It was a pretty day. Sunny, about 88 degrees, slight breeze... Your typical late summer day. And because it was warmer than I consider safe for my dog to stay in the car without ventilation, I wanted to bring her in. But the diner wouldn't let her come in. It was very Mos Eisley Cantina of them. They wouldn't serve her kind there.

So, I decided to leave her in the car, but enable the remote start. It runs the car for 15 minutes at at a time and allows the air conditioning to blow, keeping her cool and comfortable. The diner didn't have to suffer a dog, I got to eat, and my dog didn't have to languish in the heat. It worked fine for everyone involved.
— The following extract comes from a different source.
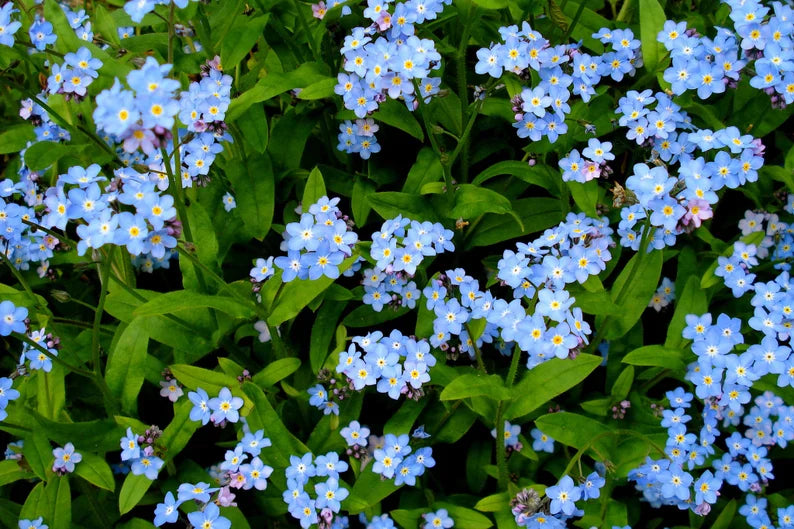 Myosotis (Myosotis Sylvia) seeds for planting in home garden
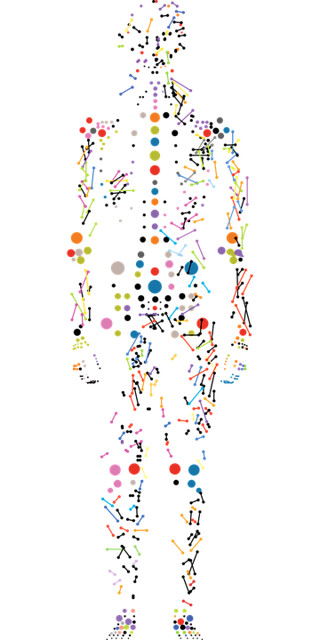 Genetic Diversity and Its Impact on Disease Treatment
Everyone, that is, except for the Humaniac.

In the field of animal welfare, the term Humaniac describes a person who is obsessed with the welfare of animals. Not in a healthy way, mind you -- there are people who have made it their life's mission to help animals, and they're a kind of obsessed that translates into dedication. These people, the Humaniacs... They're sick. They make the welfare of even a single animal a point of obsession, even to the detriment of other healthy animals and people and themselves. They refuse to believe that euthanasia can be a humane alternative for an animal whose quality of life is horrible. They demand that fortunes be spent for marginal increases in comfort or lifespan of an animal.

They threaten to take a hammer to your truck window and call the cops when you leave your dog inside it, even with the windows rolled down and the air conditioner running. You know, that kind of thing.

I heard an announcement over the diner speakers asking for the owner of a black Ram truck to come to the hostess stand. So I did, and there she was -- The Humaniac. There really is no other way to describe this woman besides "your typical overweight greying redneck old maid in a mumu with nothing better to do with her life than create issues to try to make her feel important."

Before I could even say a word, she laid into me. "You own that black truck?" she said, jowls shaking.

"Yah?" I responded.

She glared at me through her fat cheeks. "How DARE you leave that precious darling to suffer in the sun and the heat!"

It took me a minute to realize what she was going on about. "My dog?" I asked, knowing the answer by then but wanting to confirm.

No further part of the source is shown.